Implement: - [ ] UnicodeAugmentation() (all forms) - [ ] PunctuationAugmentation() - [ ] NoPunctuationAugmentation() - [ ] ASCIIFoldingAugmentation() - [ ] Unit tests

Phase 7: Presets and Utilities (Priority 3)

Files: - langcalc/projections/presets.py - langcalc/augmentations/presets.py

Implement: - [ ] StandardTextProjection pipeline - [ ] CodeCompletionProjection pipeline - [ ] ChatMessageProjection pipeline - [ ] MinimalAugmentation preset - [ ] AggressiveAugmentation preset - [ ] Validation utilities - [ ] Commutativity testing utilities


Testing Strategy

Unit Tests

Test each projection individually:

def test_lowercase_projection():
    proj = LowercaseProjection()
    context = list("Hello".encode('utf-8'))
    result = proj.project(context, corpus=[])
    assert bytes(result).decode('utf-8') == "hello"

Test each augmentation individually:

def test_lowercase_augmentation():
    aug = LowercaseAugmentation()
    corpus = list("Hello".encode('utf-8'))
    result = aug.augment(corpus)
    text = bytes(result).decode('utf-8')
    assert "Hello" in text and "hello" in text

Integration Tests

Test projection-augmentation duality:

def test_duality():
    corpus = list("Hello World".encode('utf-8'))
    context = list("HELLO".encode('utf-8'))

    # Approach 1: Project query
    proj_model = ProjectedModel(
        InfinigramModel(corpus),
        LowercaseProjection(),
        corpus
    )

    # Approach 2: Augment corpus
    aug_corpus = LowercaseAugmentation().augment(corpus)
    aug_model = InfinigramModel(aug_corpus)
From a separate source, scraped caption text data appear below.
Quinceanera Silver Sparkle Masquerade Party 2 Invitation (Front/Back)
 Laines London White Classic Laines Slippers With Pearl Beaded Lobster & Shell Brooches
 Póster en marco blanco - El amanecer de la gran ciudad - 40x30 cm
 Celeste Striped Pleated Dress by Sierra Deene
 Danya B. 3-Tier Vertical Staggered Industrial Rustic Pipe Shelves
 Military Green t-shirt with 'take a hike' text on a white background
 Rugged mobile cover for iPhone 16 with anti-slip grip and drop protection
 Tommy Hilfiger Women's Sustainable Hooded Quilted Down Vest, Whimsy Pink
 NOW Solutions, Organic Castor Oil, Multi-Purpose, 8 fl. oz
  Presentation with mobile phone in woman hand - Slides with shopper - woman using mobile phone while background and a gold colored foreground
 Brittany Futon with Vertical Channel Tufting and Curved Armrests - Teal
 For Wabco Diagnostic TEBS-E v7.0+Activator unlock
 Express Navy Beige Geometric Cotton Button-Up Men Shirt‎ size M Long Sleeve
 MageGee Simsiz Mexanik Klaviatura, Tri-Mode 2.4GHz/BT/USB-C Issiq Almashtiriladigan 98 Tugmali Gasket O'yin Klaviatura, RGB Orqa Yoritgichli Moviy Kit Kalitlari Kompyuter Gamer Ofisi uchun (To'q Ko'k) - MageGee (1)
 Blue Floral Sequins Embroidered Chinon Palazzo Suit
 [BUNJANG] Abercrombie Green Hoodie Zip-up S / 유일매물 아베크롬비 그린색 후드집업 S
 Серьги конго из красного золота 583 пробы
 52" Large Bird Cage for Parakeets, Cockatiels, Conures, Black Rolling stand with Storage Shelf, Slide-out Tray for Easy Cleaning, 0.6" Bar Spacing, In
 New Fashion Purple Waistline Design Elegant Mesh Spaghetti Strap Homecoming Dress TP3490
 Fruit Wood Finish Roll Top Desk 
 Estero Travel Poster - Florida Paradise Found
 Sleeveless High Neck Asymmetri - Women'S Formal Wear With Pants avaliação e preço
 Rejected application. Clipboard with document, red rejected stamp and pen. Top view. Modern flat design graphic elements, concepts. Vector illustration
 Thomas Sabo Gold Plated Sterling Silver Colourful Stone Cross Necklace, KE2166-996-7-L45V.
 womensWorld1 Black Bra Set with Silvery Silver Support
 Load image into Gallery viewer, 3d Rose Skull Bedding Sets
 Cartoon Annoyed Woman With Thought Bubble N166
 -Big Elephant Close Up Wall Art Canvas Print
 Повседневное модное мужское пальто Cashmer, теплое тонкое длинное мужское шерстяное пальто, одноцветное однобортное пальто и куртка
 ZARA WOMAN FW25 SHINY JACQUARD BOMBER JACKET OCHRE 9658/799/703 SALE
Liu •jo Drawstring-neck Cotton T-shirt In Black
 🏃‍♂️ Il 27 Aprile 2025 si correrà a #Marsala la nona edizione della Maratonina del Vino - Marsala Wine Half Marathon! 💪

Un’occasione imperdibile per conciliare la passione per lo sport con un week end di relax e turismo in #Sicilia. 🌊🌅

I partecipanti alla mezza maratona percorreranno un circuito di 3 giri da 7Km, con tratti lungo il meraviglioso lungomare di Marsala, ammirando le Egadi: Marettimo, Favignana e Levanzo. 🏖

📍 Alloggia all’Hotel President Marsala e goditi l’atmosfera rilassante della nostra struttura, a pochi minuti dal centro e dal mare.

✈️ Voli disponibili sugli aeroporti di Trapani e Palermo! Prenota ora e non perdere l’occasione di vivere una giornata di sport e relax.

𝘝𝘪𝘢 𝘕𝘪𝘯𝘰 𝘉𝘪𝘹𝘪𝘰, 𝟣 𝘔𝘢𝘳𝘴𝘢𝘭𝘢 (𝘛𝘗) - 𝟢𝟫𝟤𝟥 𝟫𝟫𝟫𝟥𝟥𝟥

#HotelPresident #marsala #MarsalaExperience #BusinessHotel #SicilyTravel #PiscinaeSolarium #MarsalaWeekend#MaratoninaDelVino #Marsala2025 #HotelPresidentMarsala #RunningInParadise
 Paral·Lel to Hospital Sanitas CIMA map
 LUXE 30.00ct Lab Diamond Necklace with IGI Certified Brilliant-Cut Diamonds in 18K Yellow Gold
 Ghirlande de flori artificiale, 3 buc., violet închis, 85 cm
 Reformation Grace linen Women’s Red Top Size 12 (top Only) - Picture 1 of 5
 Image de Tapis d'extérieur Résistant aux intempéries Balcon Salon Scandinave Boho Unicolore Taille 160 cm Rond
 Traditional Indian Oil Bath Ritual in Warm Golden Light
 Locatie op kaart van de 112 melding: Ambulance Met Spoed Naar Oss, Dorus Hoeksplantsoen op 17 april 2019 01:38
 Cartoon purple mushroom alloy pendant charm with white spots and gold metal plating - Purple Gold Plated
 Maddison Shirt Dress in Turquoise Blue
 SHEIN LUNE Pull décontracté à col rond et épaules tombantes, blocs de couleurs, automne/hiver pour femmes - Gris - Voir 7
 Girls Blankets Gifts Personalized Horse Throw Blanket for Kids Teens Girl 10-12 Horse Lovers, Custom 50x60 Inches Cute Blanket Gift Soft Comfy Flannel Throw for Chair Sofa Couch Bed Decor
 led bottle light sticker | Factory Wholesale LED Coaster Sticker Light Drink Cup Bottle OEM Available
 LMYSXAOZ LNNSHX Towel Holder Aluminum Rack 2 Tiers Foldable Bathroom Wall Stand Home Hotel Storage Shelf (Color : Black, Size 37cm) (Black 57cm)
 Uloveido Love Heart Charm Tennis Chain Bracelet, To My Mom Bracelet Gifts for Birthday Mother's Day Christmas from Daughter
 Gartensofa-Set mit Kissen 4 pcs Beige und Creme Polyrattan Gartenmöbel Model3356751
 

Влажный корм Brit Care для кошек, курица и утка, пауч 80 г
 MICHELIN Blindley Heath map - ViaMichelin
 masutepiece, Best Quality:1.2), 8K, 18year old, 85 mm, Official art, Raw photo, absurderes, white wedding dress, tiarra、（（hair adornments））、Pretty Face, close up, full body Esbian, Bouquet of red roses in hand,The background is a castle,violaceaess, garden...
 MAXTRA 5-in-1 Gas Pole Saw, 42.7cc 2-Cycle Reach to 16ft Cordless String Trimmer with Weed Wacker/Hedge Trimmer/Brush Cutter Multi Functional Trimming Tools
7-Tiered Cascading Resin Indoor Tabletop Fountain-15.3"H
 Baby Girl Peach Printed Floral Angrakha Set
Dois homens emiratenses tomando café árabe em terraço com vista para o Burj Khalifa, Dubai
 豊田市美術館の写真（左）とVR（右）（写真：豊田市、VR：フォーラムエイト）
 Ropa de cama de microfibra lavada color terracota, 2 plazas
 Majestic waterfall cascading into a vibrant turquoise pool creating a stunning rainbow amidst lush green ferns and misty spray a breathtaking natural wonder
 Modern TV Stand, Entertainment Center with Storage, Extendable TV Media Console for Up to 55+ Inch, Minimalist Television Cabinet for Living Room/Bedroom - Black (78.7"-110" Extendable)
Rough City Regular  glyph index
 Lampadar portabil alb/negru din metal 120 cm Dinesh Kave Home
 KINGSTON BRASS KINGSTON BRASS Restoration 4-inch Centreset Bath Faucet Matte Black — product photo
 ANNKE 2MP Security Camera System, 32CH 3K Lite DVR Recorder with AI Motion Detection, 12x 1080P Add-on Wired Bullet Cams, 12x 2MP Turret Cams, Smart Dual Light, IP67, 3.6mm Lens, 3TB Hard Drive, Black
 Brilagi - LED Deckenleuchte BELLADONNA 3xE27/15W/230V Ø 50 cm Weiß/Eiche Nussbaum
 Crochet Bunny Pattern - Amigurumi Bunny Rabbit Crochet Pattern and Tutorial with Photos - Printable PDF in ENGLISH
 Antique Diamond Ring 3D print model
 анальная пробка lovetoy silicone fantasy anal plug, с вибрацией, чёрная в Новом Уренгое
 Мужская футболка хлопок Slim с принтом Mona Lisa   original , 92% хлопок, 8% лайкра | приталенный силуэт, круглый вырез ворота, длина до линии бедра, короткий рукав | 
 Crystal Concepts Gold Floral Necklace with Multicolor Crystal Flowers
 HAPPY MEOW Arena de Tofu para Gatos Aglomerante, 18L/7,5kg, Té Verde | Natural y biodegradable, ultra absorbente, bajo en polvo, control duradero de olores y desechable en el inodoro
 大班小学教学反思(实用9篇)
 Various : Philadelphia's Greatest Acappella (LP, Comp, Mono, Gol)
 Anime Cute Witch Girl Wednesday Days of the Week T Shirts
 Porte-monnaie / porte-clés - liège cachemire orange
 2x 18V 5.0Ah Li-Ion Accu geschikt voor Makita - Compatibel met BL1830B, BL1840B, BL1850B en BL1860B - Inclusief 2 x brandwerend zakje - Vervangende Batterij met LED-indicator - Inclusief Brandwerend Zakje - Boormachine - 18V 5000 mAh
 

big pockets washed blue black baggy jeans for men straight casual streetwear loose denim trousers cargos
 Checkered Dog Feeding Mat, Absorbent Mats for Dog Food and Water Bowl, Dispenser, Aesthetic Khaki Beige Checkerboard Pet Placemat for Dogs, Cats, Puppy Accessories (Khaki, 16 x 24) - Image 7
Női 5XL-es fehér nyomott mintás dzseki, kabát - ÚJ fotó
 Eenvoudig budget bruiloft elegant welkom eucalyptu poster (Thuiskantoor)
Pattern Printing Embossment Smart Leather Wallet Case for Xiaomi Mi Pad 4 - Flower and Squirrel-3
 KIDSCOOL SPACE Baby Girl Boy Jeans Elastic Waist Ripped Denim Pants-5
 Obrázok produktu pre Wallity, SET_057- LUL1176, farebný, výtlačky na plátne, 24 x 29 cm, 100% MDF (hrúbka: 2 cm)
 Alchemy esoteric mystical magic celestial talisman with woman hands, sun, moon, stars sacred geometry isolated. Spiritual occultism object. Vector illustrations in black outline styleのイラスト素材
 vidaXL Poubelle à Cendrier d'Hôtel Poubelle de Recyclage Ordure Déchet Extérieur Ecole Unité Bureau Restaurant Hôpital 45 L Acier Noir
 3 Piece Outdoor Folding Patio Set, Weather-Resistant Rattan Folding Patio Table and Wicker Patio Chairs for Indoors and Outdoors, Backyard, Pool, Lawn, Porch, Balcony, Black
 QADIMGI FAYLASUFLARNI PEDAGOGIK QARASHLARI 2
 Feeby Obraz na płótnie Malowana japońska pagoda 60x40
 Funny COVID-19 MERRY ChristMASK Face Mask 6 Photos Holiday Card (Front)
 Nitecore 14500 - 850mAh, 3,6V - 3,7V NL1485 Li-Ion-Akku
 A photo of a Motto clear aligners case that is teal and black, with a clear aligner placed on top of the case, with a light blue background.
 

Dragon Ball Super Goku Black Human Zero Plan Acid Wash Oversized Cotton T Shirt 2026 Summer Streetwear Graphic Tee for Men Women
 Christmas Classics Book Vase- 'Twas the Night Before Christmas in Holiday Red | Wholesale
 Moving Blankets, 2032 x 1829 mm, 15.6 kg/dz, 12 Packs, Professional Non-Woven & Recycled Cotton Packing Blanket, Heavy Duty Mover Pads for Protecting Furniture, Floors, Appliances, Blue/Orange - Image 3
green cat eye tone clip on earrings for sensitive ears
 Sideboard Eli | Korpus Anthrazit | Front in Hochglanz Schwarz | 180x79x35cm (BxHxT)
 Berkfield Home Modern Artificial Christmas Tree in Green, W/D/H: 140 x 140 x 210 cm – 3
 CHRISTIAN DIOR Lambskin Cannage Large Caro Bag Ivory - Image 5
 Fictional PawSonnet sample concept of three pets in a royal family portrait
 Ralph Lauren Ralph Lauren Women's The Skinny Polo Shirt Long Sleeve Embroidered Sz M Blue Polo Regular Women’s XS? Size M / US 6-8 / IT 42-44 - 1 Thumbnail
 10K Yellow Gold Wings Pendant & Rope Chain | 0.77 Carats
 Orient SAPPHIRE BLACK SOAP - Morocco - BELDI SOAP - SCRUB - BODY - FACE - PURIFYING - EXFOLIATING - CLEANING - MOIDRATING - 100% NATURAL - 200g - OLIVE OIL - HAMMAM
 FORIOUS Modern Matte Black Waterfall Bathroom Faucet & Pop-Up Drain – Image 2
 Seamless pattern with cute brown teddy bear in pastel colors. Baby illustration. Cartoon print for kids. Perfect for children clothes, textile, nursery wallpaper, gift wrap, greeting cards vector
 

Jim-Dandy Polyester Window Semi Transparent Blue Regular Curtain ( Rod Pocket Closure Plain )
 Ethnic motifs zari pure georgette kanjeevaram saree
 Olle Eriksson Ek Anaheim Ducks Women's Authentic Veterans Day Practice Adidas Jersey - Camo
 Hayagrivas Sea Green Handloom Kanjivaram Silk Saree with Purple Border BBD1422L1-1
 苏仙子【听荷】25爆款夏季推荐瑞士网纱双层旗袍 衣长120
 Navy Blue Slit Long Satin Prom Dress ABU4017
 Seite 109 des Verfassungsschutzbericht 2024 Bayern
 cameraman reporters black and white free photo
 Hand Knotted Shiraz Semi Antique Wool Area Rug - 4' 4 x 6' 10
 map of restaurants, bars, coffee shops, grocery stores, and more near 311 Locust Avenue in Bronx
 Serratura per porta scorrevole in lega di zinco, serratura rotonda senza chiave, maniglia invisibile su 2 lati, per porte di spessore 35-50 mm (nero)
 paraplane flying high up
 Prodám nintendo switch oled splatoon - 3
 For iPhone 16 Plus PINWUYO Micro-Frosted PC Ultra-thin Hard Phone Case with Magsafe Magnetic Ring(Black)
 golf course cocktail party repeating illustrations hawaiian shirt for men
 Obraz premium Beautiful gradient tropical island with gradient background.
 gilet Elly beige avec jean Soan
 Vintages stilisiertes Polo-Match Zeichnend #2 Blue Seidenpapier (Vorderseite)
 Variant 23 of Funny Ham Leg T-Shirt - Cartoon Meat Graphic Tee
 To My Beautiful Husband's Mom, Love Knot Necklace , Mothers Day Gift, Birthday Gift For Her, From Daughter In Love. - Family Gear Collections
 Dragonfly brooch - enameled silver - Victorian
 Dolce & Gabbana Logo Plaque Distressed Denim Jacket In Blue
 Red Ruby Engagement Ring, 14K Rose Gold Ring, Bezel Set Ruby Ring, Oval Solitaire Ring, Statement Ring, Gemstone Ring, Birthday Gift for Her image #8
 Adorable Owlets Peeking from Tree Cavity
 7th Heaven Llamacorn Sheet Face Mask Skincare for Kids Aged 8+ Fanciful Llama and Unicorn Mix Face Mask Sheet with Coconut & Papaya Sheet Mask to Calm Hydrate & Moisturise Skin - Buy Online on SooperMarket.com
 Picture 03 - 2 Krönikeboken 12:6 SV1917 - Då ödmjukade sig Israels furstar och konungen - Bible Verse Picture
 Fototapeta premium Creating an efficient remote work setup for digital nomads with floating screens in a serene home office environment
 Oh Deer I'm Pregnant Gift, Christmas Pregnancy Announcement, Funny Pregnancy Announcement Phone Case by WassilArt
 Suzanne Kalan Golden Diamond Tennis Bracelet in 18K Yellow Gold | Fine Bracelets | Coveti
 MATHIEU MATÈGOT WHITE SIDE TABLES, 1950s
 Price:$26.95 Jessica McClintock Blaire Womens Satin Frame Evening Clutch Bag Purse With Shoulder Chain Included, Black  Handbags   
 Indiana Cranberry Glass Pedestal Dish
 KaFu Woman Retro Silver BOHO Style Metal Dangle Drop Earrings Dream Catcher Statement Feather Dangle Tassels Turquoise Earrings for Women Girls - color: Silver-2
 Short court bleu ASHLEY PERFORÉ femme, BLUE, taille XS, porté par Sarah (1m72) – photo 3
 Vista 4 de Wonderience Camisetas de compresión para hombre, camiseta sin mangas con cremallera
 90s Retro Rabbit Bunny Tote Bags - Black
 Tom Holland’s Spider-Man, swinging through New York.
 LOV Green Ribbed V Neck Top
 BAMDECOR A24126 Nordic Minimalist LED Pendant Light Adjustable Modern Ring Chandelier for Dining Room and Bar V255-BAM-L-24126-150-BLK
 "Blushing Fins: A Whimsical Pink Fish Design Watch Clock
    # Should produce similar results
    tokens = list(range(256))
    probs1 = proj_model.logprobs(tokens, context)
    probs2 = aug_model.logprobs(tokens, context)

    assert np.allclose(probs1, probs2, atol=0.1)

Test composition:

def test_composition():
    pipeline = (
        WhitespaceProjection() >>
        LowercaseProjection() >>
        RecencyProjection(10)
    )

    context = list("  HELLO  WORLD  ".encode('utf-8'))
    result = pipeline.project(context, corpus=[])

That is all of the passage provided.